» TASK TO COMPLETE:
For the material below, output exactly the span from the line with "Dragon Fruit With A White And Red Fles" to the line with "Jute & Cotton Table Runner with Chevron Pattern^Be Home Best", including both, and nothing besides.

——

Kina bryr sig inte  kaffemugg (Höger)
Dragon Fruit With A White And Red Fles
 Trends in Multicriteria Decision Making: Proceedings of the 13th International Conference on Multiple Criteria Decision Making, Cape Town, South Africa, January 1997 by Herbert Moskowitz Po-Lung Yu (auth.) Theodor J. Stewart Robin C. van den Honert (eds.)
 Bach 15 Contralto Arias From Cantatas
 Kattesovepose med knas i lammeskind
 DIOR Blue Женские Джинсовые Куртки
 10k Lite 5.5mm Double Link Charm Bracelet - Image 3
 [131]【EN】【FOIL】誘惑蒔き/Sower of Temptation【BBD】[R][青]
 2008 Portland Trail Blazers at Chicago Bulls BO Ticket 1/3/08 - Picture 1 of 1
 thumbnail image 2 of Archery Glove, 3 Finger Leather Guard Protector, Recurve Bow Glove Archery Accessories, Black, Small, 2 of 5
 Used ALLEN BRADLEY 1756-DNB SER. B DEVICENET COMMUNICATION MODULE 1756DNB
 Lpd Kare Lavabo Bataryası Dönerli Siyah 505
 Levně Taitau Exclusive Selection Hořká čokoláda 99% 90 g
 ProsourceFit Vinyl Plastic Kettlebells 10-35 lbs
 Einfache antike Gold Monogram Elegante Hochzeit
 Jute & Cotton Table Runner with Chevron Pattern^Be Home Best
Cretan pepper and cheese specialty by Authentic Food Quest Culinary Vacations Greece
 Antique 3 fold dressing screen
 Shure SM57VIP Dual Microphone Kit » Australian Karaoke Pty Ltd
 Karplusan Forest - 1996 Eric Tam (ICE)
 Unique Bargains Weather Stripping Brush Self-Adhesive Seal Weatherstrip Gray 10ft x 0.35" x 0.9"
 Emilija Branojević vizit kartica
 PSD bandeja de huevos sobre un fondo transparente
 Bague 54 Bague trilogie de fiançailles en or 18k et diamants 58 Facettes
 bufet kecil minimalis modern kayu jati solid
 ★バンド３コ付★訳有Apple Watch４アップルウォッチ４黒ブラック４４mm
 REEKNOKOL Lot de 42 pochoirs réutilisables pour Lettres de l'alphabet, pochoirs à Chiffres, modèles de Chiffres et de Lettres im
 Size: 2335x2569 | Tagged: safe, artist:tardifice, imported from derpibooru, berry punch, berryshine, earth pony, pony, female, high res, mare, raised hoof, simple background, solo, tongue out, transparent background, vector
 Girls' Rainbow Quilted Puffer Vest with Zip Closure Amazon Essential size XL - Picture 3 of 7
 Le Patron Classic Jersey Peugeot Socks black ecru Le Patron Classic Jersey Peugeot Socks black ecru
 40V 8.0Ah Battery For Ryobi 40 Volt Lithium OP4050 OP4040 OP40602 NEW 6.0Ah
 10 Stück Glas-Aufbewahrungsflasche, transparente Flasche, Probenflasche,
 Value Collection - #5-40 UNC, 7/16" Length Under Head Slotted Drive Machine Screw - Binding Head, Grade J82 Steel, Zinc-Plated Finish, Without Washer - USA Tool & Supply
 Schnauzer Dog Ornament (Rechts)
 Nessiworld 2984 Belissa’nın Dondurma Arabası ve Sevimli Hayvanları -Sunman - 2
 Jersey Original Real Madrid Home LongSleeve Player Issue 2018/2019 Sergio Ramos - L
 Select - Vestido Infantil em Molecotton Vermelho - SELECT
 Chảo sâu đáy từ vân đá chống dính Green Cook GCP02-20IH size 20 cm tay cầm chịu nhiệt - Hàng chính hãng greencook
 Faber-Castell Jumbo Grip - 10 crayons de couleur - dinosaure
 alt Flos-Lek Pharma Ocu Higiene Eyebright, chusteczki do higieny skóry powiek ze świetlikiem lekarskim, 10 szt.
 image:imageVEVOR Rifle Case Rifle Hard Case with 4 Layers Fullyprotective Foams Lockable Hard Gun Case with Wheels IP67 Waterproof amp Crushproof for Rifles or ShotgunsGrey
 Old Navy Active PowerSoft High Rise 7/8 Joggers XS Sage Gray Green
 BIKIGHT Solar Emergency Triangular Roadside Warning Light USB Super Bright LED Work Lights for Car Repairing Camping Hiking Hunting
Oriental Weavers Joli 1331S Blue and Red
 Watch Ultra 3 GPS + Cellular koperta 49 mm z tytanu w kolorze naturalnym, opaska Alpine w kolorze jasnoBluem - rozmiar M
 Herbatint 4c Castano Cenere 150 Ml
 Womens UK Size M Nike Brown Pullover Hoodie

——

» ANSWER BOX:
Dragon Fruit With A White And Red Fles
 Trends in Multicriteria Decision Making: Proceedings of the 13th International Conference on Multiple Criteria Decision Making, Cape Town, South Africa, January 1997 by Herbert Moskowitz Po-Lung Yu (auth.) Theodor J. Stewart Robin C. van den Honert (eds.)
 Bach 15 Contralto Arias From Cantatas
 Kattesovepose med knas i lammeskind
 DIOR Blue Женские Джинсовые Куртки
 10k Lite 5.5mm Double Link Charm Bracelet - Image 3
 [131]【EN】【FOIL】誘惑蒔き/Sower of Temptation【BBD】[R][青]
 2008 Portland Trail Blazers at Chicago Bulls BO Ticket 1/3/08 - Picture 1 of 1
 thumbnail image 2 of Archery Glove, 3 Finger Leather Guard Protector, Recurve Bow Glove Archery Accessories, Black, Small, 2 of 5
 Used ALLEN BRADLEY 1756-DNB SER. B DEVICENET COMMUNICATION MODULE 1756DNB
 Lpd Kare Lavabo Bataryası Dönerli Siyah 505
 Levně Taitau Exclusive Selection Hořká čokoláda 99% 90 g
 ProsourceFit Vinyl Plastic Kettlebells 10-35 lbs
 Einfache antike Gold Monogram Elegante Hochzeit
 Jute & Cotton Table Runner with Chevron Pattern^Be Home Best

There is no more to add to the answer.